WORK TASK:
For the records below, copy exactly the span that begins at the line containing "內科8往內科 Bus Line Map" and stops after the line containing "NWT Stanley Quencher", minus any pictures.

DATA SHOWN:
_ _ _ _ _

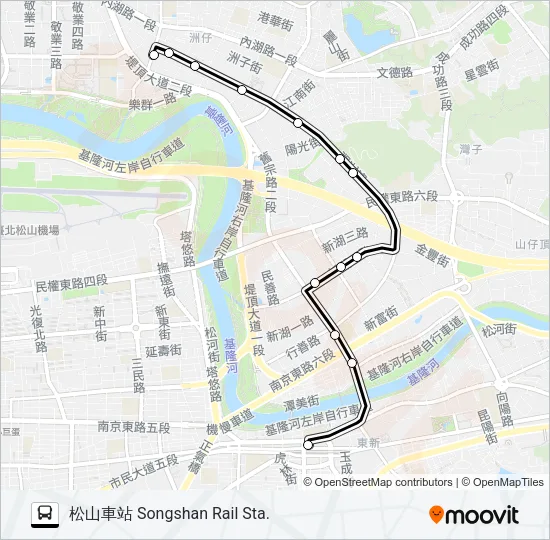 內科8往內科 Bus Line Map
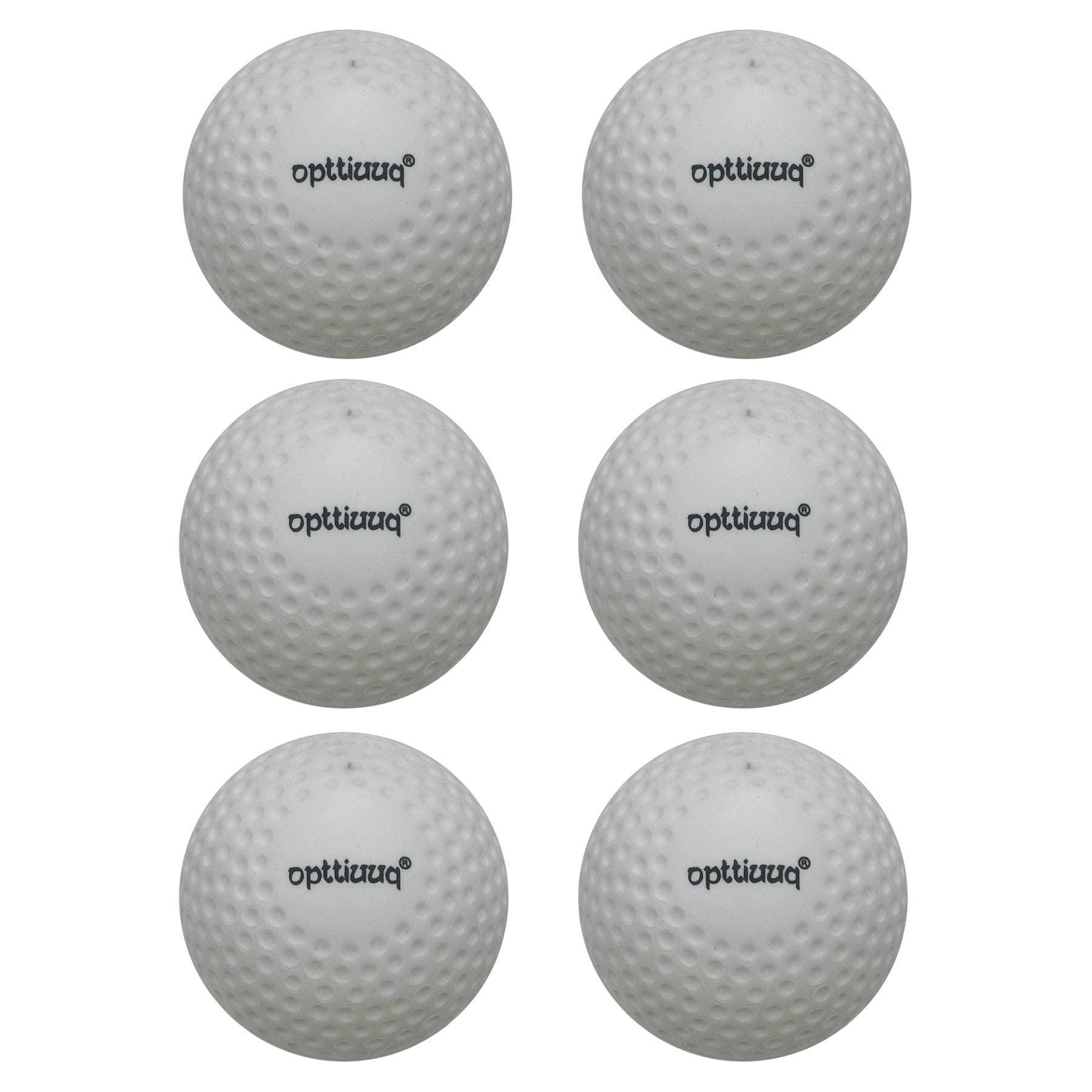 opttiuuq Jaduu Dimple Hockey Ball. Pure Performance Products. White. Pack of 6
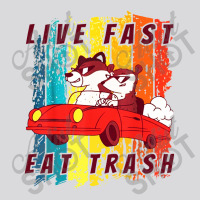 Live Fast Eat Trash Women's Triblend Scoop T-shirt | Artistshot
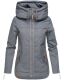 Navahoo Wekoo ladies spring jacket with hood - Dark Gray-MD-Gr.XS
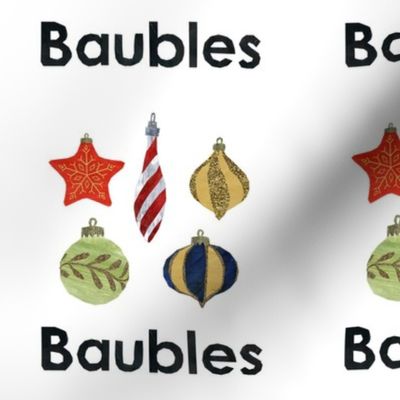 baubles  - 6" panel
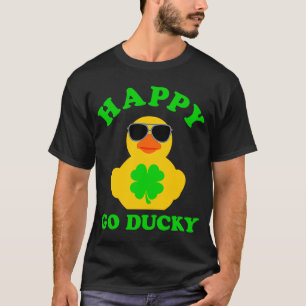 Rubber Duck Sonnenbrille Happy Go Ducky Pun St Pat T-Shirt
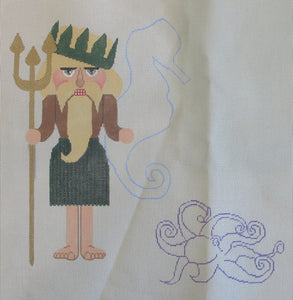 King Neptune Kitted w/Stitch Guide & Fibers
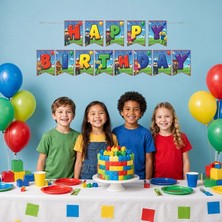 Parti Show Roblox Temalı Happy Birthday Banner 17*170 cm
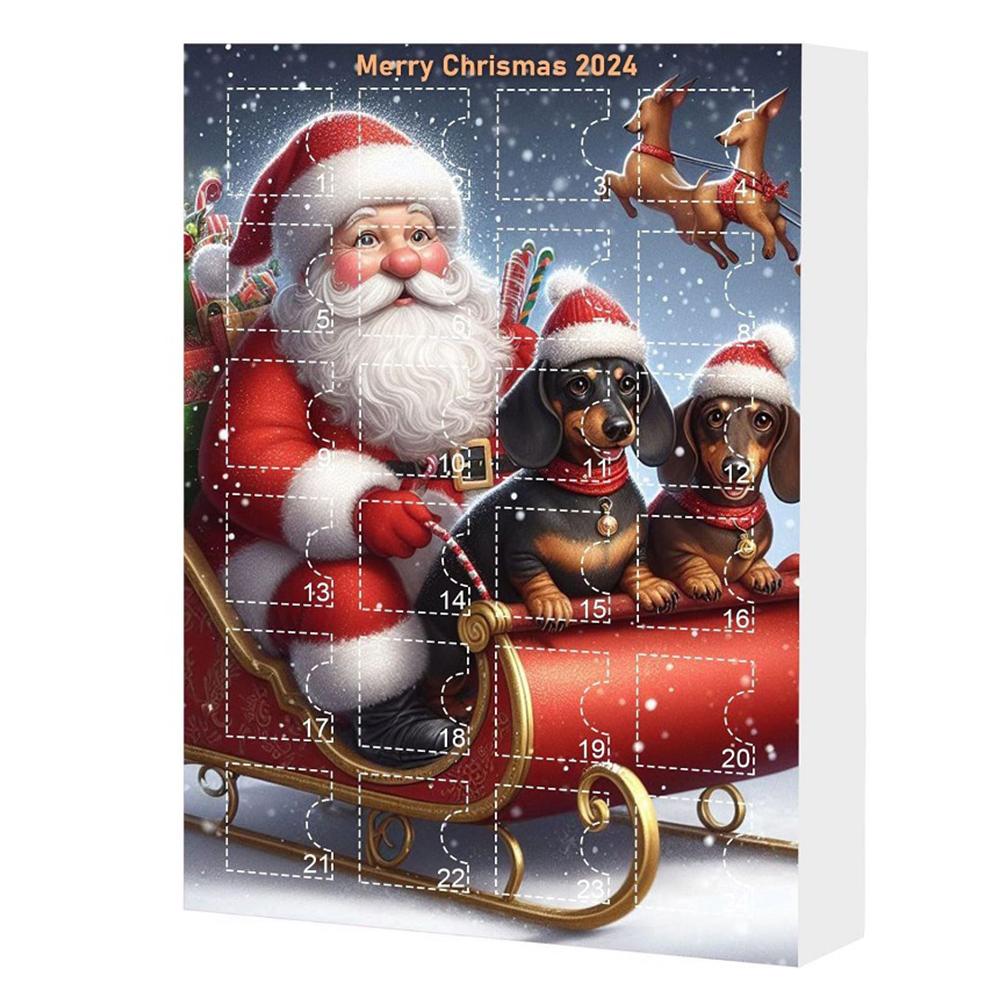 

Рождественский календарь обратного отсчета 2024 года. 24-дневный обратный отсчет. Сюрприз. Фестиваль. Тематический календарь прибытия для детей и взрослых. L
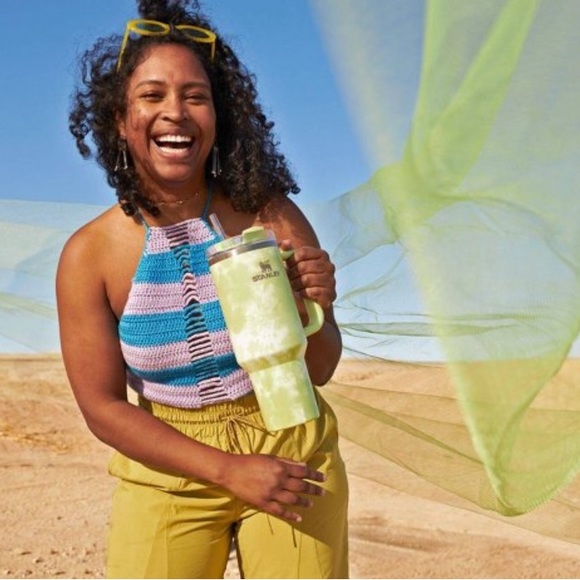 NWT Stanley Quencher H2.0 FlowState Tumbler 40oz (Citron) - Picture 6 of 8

_ _ _ _ _

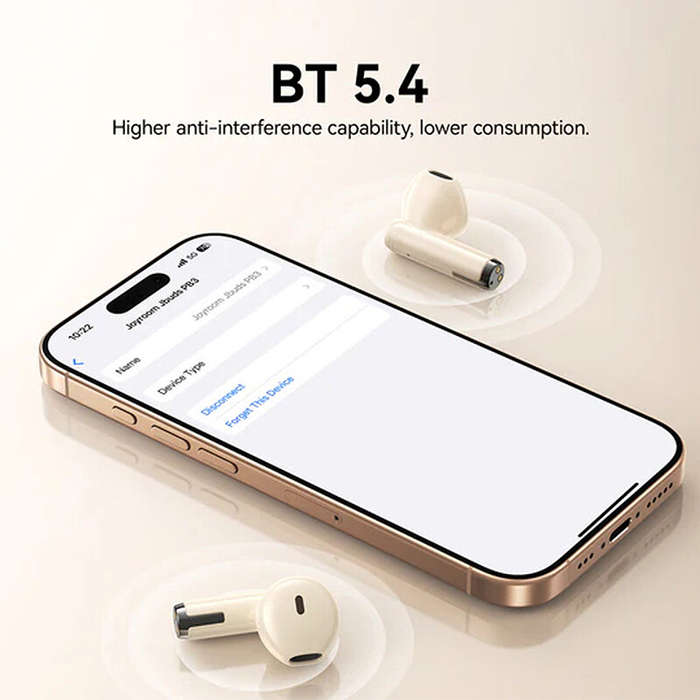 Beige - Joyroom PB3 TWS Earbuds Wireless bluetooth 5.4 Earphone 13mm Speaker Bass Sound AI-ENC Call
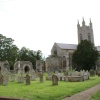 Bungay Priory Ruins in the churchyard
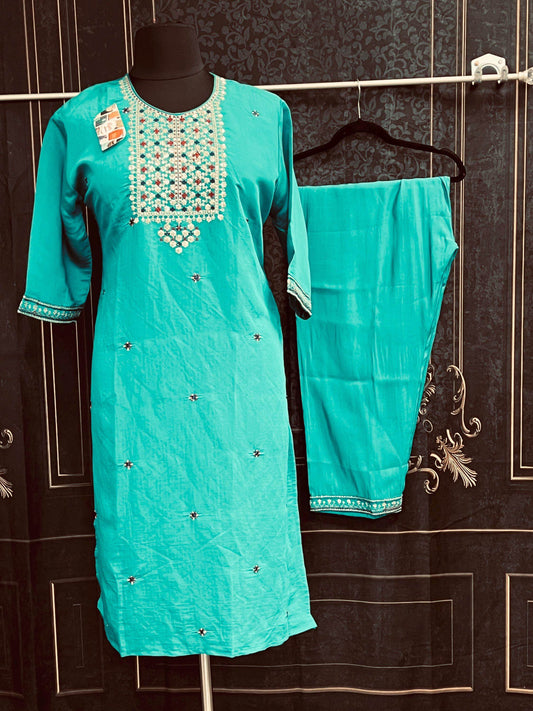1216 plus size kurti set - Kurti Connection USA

_ _ _ _ _

RESULT:
 內科8往內科 Bus Line Map
 opttiuuq Jaduu Dimple Hockey Ball. Pure Performance Products. White. Pack of 6
 Live Fast Eat Trash Women's Triblend Scoop T-shirt | Artistshot
 Navahoo Wekoo ladies spring jacket with hood - Dark Gray-MD-Gr.XS
 baubles  - 6" panel
 Rubber Duck Sonnenbrille Happy Go Ducky Pun St Pat T-Shirt
 King Neptune Kitted w/Stitch Guide & Fibers
 Parti Show Roblox Temalı Happy Birthday Banner 17*170 cm

Рождественский календарь обратного отсчета 2024 года. 24-дневный обратный отсчет. Сюрприз. Фестиваль. Тематический календарь прибытия для детей и взрослых. L
 NWT Stanley Quencher H2.0 FlowState Tumbler 40oz (Citron) - Picture 6 of 8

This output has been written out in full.